BTW a halfband filter could have a length 21 if it is really a length
19 filter with a zero added to each end, but that would be a waste of
computation if you used the zero coefficients.
Dirk Bell
DSP Consultant
Reply by vizziee●July 8, 20092009-07-08
> Check your equations. =A0I get
>
> ( ( (22-1)/2 )/20 + ( (22-1)/2 )/10 + ( (1010-1)/2 )/5 ) =3D 102.4750
> which is consistant with what you are actually getting, not what you
> are calculating.
>
> Also note that the filters you are identifying as half-band filters
> are not actually half-band filters. =A0Half-band filters have the
> property that almost half of the coefficients are zero, saving
> calculations, which may be useful to you.
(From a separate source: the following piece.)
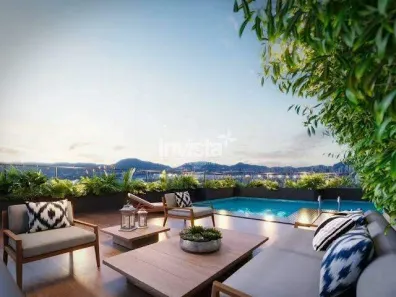 Apartamento com 1 Quarto à venda, 32m² no Encruzilhada, Santos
But, among other properties,
> the lengths of halfband filters are constrained to {3, 7, 11, 15, 19,
> 23, 27, ..., previous+4, ...}, so a filter of length 22 isn't a half-
> band filter.
>
> Dirk Bell
Thanks Dirk. I checked the Halfband filters that I generated in
MATLAB. It says it has Direct Form Polyphase Filter structure. The
coefficients were generated by specifying 'halfband' option to
fdesign.decimator function. The number of generated coefficients for
this half-band decimator is actually 21 and I padded a zero to make it
22 for a 2-path polyphase implementation.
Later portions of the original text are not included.